Once something is native digital, it can be integrated with anything
else that is digital native - that is sort of the point. It's all
virtual. Any formalized virtual interfaces, a KVM in Second Life or
The Matrix or whatever, are purely decorative. They are cartoon
facades. The actual code doesn't need any kind of graphic
representation or digital-to-something-to-digital transduction to pass
from one area of memory to another.
> > There is no
> > interface. It makes no difference to the OS of the HW node whether the
> > program is running virtual Paris on the root level of the physical
> > machine or virtual virtual Paris on one of the virtual machines.
> Yes there is a difference, the paris running on a virtual machine has no
> direct access (and can't know of it unless an interface exist) on the
> physical hardware.
The virtual machine has the same access to the physical hardware as
the root level. It's entirely up to the programmer how direct they
want it to appear to the user, but ultimately, it is still just a
program running on the hardware. The virtual machine cannot run
> > > > > If not you aren't really doing multi level simulation (simulation in
> > a
> > > > > simulation)... but a single level one where you made it look like
> > multi
> > > > > level.
> > > > > Example: if you run a virtual machine (like virtual box) and you
> > > > virtualize
> > > > > an OS and inside that one you run a virtual box that run another os
> > > > inside
> > > > > it, the second level cannot go to the first level (as the first level
> > > > can't
> > > > > reach the host) unless an interface between them exists.
> > > > No, you can. I can log into the root level on a hardware node - pick a
> > > > virtual machine on that node and log into it, open up a remote desktop
> > > > there and log back into the hardware node that the VM box is on if I
> > > > want. I can reboot the hardware machine from any nested level within
> > > > the node. There doesn't need to be an interface at all.
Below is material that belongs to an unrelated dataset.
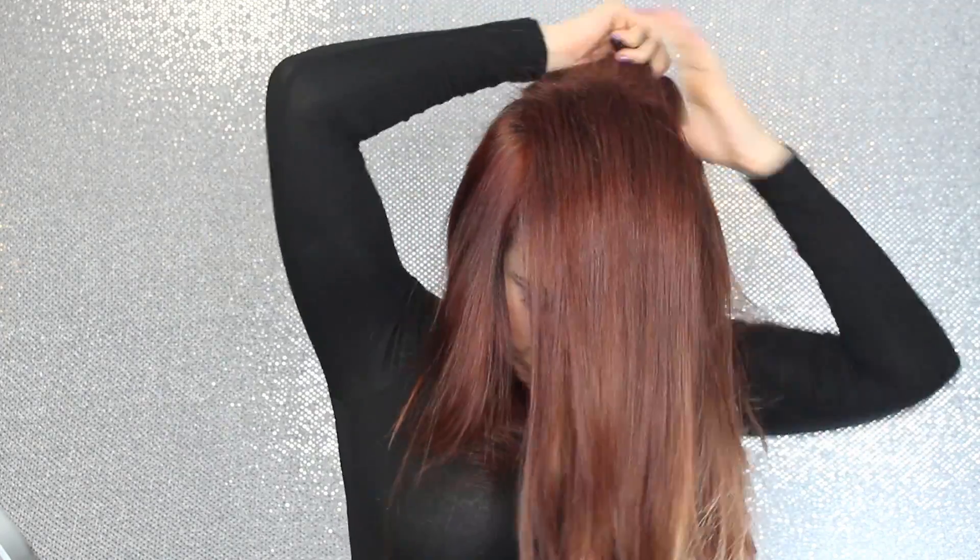Go ahead and comb all your hair and part it the way that you want — sometimes I do a middle part, sometimes a side part, it really just depends on the day. I'm going to start off this look by teasing and backcombing my hair. You don't have to do this if you want a more sleek look, but I like a little bit of volume and I like my braid to be a little bit messy. Feel free to skip the backcombing if you prefer.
They are all
> > > > running on the same physical hardware node.
> > > Well you can't read "unless an interface between them exists."
> > What interface are you talking about? I can make a million nested
> > layers of virtual worlds and I can make it so the same virtual fire
> > burns in all of them, with no interface required.
> Well I know you do it through magic mushroom... but hey, that doesn't work.
Sounds like you are conceding my point though.